1. Take the High Road
Whatever the reason a person becomes a self-represented litigant, in my experience, he or she in general more likely to be frustrating, ignore rules of civil procedure, take things personally, or even be abusive and rude.
It is important to recognize that, for an average person, the court process is confusing and intimidating, especially when he or she is under stress from the case itself. You should always keep your conversations, correspondence, and oral/written submissions respectful, even if the self-represented litigant does not make attempts to be courteous. Do not take advantage on a small technical mistake. You, as counsel, are supposed to be objective and act without personal emotion. Keep your ethical obligations front of mind.
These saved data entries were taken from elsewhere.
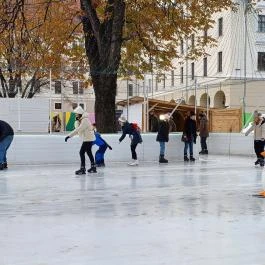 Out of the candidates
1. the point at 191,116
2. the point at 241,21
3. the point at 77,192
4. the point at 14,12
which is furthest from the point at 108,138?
the point at 241,21

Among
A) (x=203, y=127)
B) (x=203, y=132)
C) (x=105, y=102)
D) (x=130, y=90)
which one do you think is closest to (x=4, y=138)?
(x=105, y=102)

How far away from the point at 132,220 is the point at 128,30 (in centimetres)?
1502

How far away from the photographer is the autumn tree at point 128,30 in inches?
754

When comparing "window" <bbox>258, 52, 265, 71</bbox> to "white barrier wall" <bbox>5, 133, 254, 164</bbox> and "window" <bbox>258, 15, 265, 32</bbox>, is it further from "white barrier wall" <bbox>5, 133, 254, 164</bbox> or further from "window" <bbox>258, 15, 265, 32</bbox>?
"white barrier wall" <bbox>5, 133, 254, 164</bbox>

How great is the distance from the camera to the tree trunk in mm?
19719

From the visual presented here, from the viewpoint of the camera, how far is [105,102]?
785 inches

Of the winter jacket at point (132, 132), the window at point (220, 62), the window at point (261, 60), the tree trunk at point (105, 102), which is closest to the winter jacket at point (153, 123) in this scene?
the tree trunk at point (105, 102)

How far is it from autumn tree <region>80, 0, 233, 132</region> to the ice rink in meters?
6.72

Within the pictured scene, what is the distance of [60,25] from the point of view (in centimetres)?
2150

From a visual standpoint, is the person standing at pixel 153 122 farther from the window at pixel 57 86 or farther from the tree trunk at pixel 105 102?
the tree trunk at pixel 105 102

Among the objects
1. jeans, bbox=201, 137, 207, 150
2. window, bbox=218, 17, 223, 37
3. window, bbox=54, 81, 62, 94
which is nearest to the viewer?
window, bbox=54, 81, 62, 94

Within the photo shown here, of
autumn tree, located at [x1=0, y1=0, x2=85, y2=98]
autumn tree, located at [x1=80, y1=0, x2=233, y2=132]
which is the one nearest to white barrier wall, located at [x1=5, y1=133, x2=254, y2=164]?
autumn tree, located at [x1=80, y1=0, x2=233, y2=132]

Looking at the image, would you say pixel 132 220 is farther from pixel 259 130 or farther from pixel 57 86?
pixel 57 86

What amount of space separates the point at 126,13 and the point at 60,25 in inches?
104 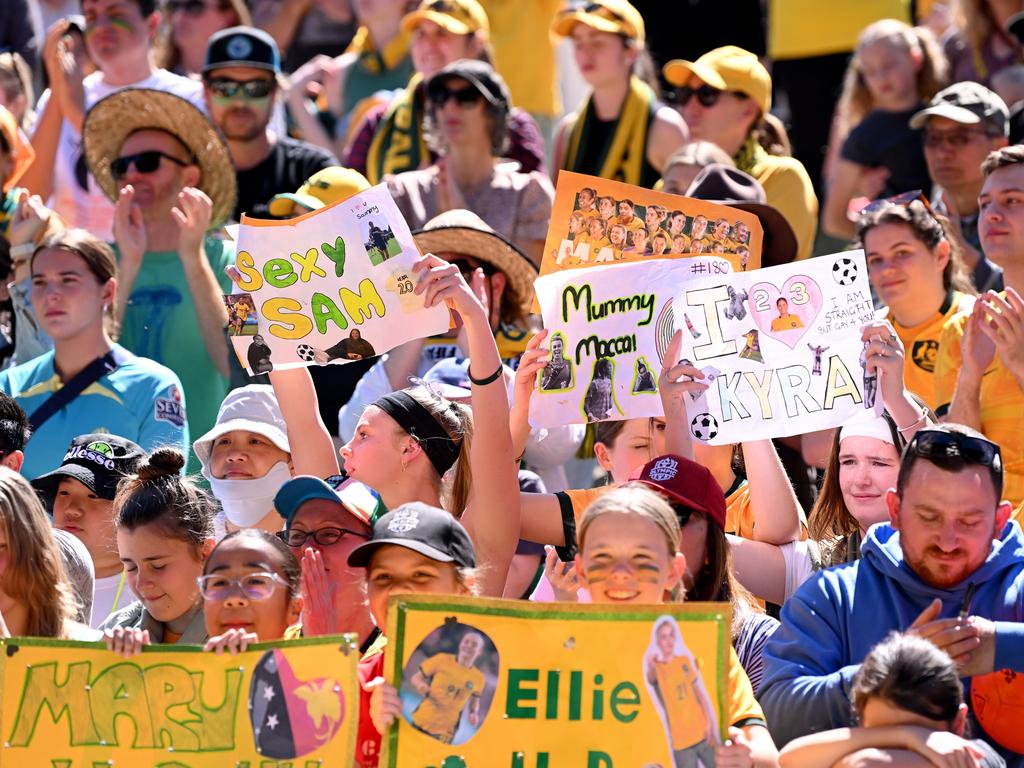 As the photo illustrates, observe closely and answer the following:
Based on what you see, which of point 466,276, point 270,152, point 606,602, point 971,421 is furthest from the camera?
point 270,152

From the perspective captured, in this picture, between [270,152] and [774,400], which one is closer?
[774,400]

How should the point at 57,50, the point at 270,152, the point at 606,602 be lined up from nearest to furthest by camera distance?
the point at 606,602 < the point at 270,152 < the point at 57,50

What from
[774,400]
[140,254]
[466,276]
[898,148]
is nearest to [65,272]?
[140,254]

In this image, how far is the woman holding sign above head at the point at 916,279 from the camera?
7.01m

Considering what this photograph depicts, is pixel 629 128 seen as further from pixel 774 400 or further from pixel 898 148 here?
pixel 774 400

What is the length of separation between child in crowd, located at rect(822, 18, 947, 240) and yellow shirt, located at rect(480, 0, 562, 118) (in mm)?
1897

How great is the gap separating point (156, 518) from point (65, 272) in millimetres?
1937

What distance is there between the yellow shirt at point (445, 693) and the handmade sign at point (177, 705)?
0.64ft

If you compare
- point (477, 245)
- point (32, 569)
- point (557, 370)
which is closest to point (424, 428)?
point (557, 370)

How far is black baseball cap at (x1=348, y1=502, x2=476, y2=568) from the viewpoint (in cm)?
481

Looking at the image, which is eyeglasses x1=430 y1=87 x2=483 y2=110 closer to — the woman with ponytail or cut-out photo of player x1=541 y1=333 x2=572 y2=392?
cut-out photo of player x1=541 y1=333 x2=572 y2=392

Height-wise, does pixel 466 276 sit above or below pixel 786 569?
above

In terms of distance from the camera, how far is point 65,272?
285 inches

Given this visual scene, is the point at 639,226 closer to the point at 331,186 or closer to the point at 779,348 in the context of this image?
the point at 779,348
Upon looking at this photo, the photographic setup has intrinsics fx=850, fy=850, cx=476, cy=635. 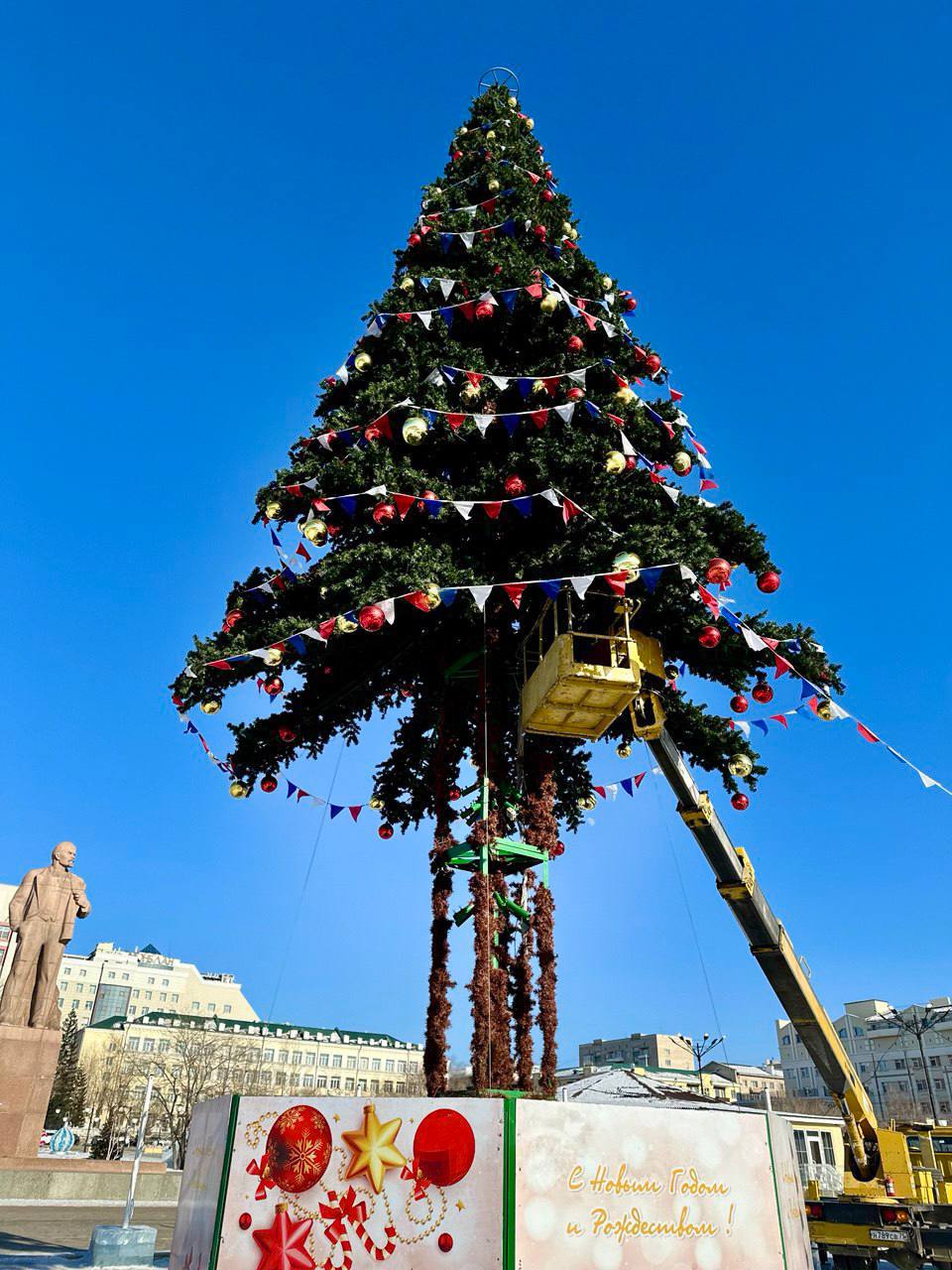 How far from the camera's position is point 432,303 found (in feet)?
51.1

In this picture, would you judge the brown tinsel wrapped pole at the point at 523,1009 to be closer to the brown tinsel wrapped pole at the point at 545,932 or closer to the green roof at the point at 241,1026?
the brown tinsel wrapped pole at the point at 545,932

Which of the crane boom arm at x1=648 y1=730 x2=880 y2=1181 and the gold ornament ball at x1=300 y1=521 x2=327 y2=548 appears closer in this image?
the gold ornament ball at x1=300 y1=521 x2=327 y2=548

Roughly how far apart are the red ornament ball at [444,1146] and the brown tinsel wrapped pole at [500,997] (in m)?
4.60

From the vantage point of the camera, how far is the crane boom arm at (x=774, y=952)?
14.7 m

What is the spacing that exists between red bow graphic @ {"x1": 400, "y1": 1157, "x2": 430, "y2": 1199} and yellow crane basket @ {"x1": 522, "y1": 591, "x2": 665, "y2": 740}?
668 cm

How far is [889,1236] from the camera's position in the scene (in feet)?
44.5

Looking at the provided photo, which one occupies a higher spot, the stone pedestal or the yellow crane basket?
the yellow crane basket

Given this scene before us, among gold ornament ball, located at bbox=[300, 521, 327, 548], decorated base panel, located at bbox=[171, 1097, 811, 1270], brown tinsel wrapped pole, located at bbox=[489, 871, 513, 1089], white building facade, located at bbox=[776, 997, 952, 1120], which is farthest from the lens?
white building facade, located at bbox=[776, 997, 952, 1120]

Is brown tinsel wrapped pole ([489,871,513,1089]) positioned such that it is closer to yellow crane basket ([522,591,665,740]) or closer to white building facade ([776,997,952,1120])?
yellow crane basket ([522,591,665,740])

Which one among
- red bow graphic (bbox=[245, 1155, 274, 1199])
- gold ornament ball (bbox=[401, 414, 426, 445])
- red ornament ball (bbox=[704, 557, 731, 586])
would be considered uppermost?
gold ornament ball (bbox=[401, 414, 426, 445])

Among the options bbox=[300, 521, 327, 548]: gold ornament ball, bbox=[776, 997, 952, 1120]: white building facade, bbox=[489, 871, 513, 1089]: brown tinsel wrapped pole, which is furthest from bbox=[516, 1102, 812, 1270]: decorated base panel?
bbox=[776, 997, 952, 1120]: white building facade

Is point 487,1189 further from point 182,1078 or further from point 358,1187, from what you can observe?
point 182,1078

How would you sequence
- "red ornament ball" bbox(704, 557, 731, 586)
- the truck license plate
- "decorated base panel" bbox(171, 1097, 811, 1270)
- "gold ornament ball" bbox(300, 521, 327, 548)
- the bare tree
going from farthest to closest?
the bare tree
the truck license plate
"gold ornament ball" bbox(300, 521, 327, 548)
"red ornament ball" bbox(704, 557, 731, 586)
"decorated base panel" bbox(171, 1097, 811, 1270)

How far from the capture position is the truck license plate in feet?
44.0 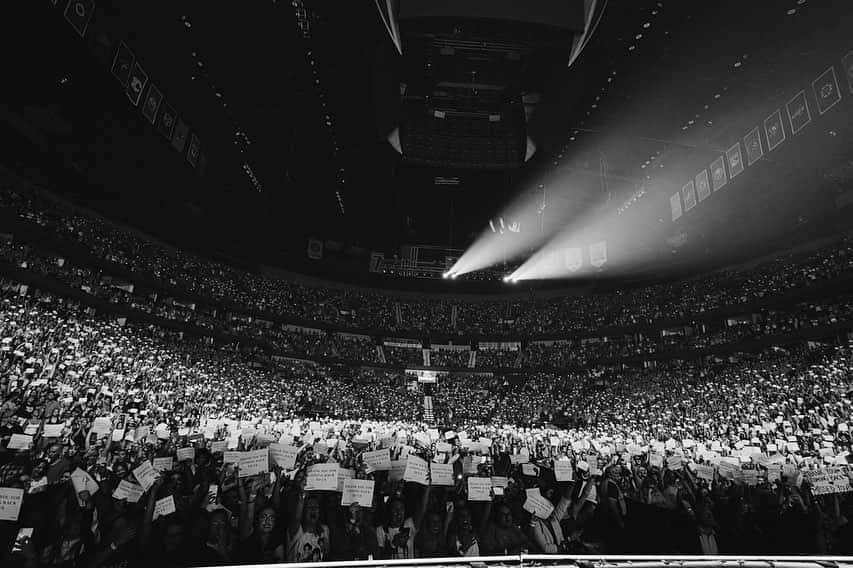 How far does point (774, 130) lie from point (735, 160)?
2.43 metres

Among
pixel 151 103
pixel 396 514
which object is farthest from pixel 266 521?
pixel 151 103

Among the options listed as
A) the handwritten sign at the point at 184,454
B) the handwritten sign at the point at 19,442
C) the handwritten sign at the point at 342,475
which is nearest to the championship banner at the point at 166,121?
the handwritten sign at the point at 19,442

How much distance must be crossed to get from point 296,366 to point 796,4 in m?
37.8

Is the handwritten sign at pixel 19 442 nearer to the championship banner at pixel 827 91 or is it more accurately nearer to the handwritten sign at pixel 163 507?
the handwritten sign at pixel 163 507

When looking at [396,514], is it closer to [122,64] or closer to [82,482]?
[82,482]

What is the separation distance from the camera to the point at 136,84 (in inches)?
628

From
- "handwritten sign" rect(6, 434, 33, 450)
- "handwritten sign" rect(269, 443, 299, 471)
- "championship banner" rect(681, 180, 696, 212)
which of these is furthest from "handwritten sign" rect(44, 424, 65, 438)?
"championship banner" rect(681, 180, 696, 212)

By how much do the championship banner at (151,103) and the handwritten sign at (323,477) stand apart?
1776 cm

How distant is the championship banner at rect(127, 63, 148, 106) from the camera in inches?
616

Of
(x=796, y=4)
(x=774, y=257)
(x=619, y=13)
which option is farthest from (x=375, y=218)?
(x=774, y=257)

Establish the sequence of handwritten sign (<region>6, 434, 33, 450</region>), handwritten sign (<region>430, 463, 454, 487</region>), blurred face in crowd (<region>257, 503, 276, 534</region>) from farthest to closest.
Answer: handwritten sign (<region>6, 434, 33, 450</region>) < handwritten sign (<region>430, 463, 454, 487</region>) < blurred face in crowd (<region>257, 503, 276, 534</region>)

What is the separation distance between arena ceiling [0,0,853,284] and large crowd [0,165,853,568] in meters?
6.03

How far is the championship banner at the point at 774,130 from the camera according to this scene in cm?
1509

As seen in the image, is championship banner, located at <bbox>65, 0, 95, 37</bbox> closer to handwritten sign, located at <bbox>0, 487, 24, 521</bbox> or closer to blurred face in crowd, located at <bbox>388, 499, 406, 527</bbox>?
handwritten sign, located at <bbox>0, 487, 24, 521</bbox> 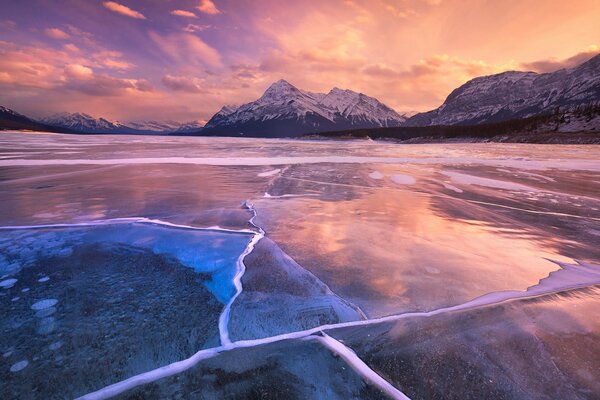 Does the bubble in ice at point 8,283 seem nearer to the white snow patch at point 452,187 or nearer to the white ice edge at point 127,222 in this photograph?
the white ice edge at point 127,222

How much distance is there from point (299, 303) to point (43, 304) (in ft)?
6.58

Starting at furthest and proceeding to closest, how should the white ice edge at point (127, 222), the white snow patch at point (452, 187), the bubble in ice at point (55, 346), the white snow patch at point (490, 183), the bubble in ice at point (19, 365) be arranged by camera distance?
the white snow patch at point (490, 183) < the white snow patch at point (452, 187) < the white ice edge at point (127, 222) < the bubble in ice at point (55, 346) < the bubble in ice at point (19, 365)

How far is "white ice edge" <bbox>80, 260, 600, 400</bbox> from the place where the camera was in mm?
1695

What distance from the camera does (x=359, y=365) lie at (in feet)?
5.97

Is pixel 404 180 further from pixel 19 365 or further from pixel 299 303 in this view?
pixel 19 365

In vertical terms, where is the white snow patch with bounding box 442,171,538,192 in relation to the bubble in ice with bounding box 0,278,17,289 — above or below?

Remember that self-represented litigants often will look to place blame elsewhere if the outcome isn’t to their liking and may complain to your bar association or disciplinary board about your conduct during the litigation.
2. Get It in Writing
The New South Wales Law Society in Australia has published guidelines for lawyers dealing with self-represented litigants. Chief among them is to record every communication in writing. This avoids those individuals who have no qualms about alleging all sorts of untruthful things about your conversations.
3. Know How Far a Court Can Go
Some judges may be more inclined to be lenient with a self-represented litigant in a way that they never would be with a lawyer. In 2006, the Canadian Judicial Council published the Statement of Principles on Self-Represented Litigants and Accused Persons, encouraging courts to, among other things, do whatever is possible to provide a fair process and prevent unfair disadvantage to a self-represented litigant, and not deny relief to a self-represented litigant on the basis of a minor or easily rectified deficiency. At the same time, the Statement makes clear that self-represented litigants must familiarize themselves with relevant practices and procedures, to prepare their own cases, and to be respectful of court process.
Sometimes, a court may appear to be overly helpful to the self-represented litigant. It may be that the court knows that the person’s argument is doomed to fail, but wants the person to feel that he or she has been heard and carefully considered by the court. However, if you feel that a judge’s assistance to the self-represented litigant could constitute excessive intervention, such as verging on providing legal advice, you should not hesitate to raise it on the record.
4. Realize That Your Client’s Costs May Increase
Self-represented litigants may flood you with correspondence and motions as a tactic to increase costs for your clients. Similarly, negotiations may take longer where the self-represented party is negotiating based on sentiment rather than the state of the law.
It’s advisable to set some ground rules from the outset with the self-represented party, i.e., advise them that you’re not their lawyer and cannot advise them on what steps to take; keep correspondence brief; and don’t argue with the individual in email exchanges.
Having an anticipatory conversation with your own client about potential increase in costs would also be helpful to manage your client’s expectations.
5. Stay Safe
There is always the chance that your personal safety is put at risk due a particularly difficult or belligerent self-represented litigant. Learn to catch the warning signs: increased anger and aggression, wide swings in attitude between hostile and charming, asking to meet in person despite there being no reason to, etc. Without the “buffer” of legal representation, self-represented litigants can let their emotions drive their actions. Take care of yourself!